**What you should do**
Aim for an exact copy of the listing, without any images.

**Collected data**
* * *

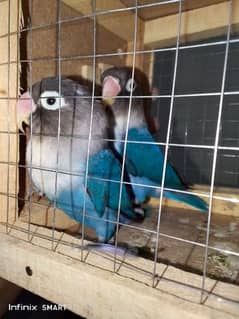 blue personata breeder pair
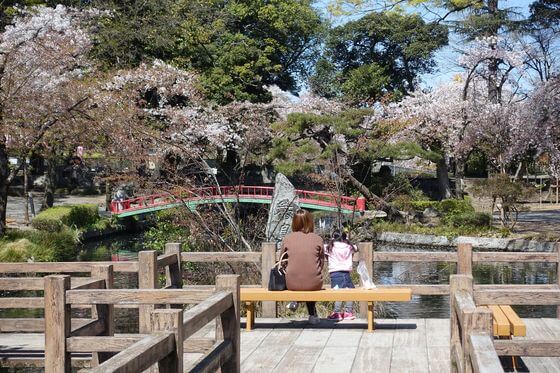 若泉第一公園 桜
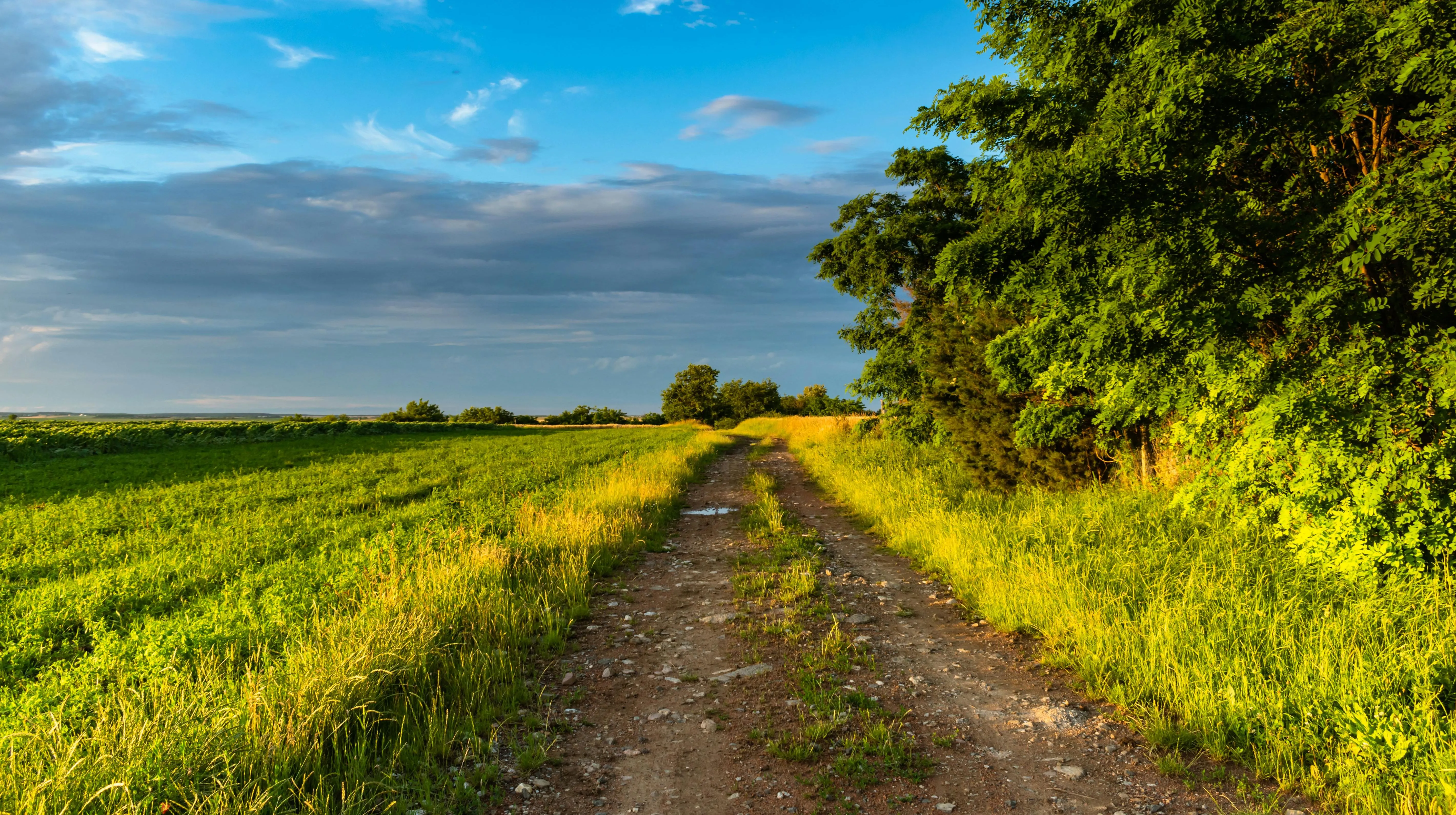 Agricoltura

* * *

**Worked solution**
 blue personata breeder pair
 若泉第一公園 桜
 Agricoltura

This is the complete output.